Washington, D.C. — A new issue brief from the Center for American Progress details the substantial harm that cuts to Medicaid, such as the federal funding caps in the House health care bill, would have on children with disabilities who rely on the Medicaid program to help them learn and grow in their homes and communities. The impact could include a loss of prescription medication, as well as cuts to special education programs in schools, speech and physical therapy, screenings, home-based services, and diagnostic screenings to identify and address disabilities and developmental delays early.
“Because children with disabilities and their families are more likely to live in low-income households, cuts to federal funding for Medicaid would put kids with disabilities and their families at serious risk. They deserve health care coverage that helps them grow up healthy, meet their developmental milestones, and thrive in their schools and communities. We can’t afford to harm the very people this program is supposed to help,” said Katie Hamm, Vice President of Early Childhood Policy at CAP.

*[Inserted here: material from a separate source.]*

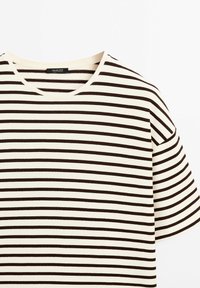 T-shirt blanc à manches courtes avec fines rayures horizontales noires et encolure ronde.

More than half of all children with disabilities or other special health care needs rely on public insurance coverage for a wide range of services and supports. This makes them more vulnerable to cost increases from the federal funding caps in the latest version of the House Republicans’ health care repeal effort. Many of the resources on which families of children with disabilities rely—such as those that pay for costly prescription medication and habilitative therapies—are not required by the federal government and, therefore, could be among the first to go under budgetary pressures.
While the services covered by Medicaid reimbursement, as well as the individuals eligible for services, can vary widely from state to state, they generally include early and periodic screening, diagnostic, and treatment, or EPSDT; home- and community-based services, for which there are already long waiting lists nationwide; prescription drugs; and speech, occupational, and physical therapy. In addition, all 50 states and the District of Columbia rely on Medicaid dollars to source early intervention systems and pay for special education staffing, all of which could be at risk.
The CAP brief also details the challenges that families face, including working fewer hours and earning less income due to their child’s increased caregiving needs. Nationally, 25 percent of parents of children with special health care needs report having to cut back on their hours or stop working altogether.